### Task directions
Please return only the lines from the one with "Glass bird robin" through the final line of the data, unchanged, with pictures omitted.

[Collection entries]

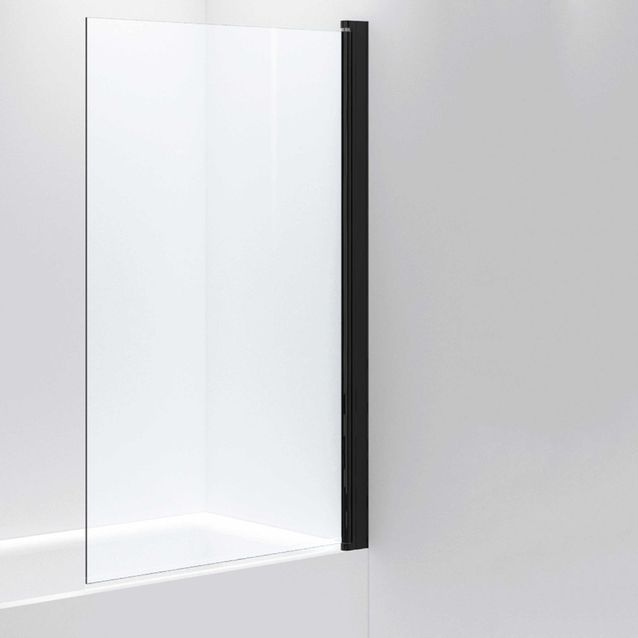 Suihkuseinä INR Linc 17 Original, kirkas lasi, mattamusta profiili, 800 mm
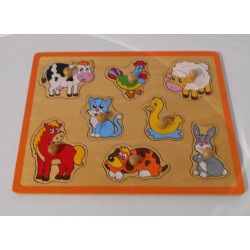 Puzzle d'animaux en bois...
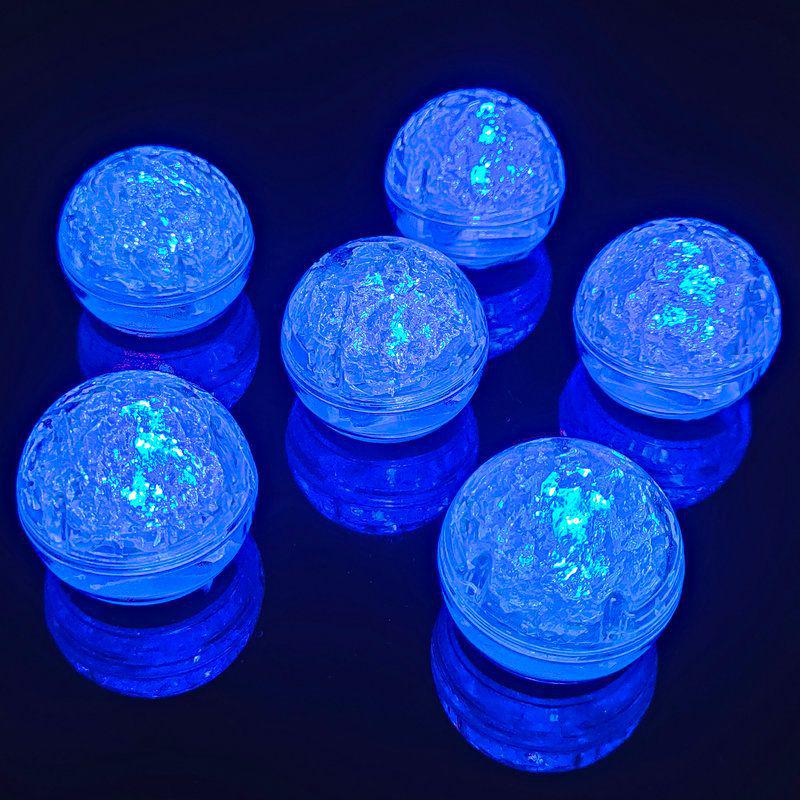 LED Ice Cube Bath Toys - Water-Activated Light-Up Balls for Babies, Bars, and Events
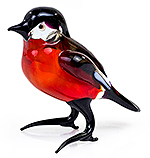 Glass bird robin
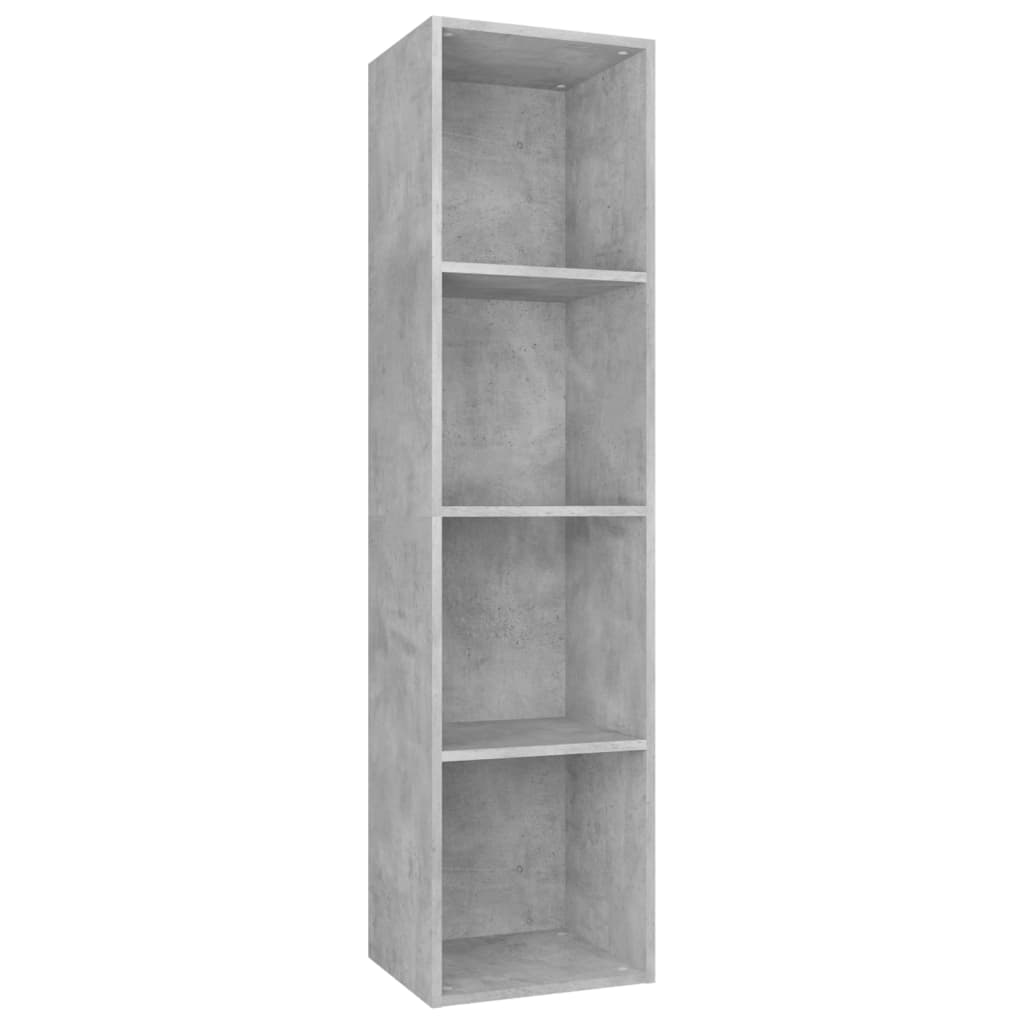Bookshelf TV Cabinet Concrete Grey 36 x 30 x 143 cm Particleboard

### Answer to this exercise
 Glass bird robin
Bookshelf TV Cabinet Concrete Grey 36 x 30 x 143 cm Particleboard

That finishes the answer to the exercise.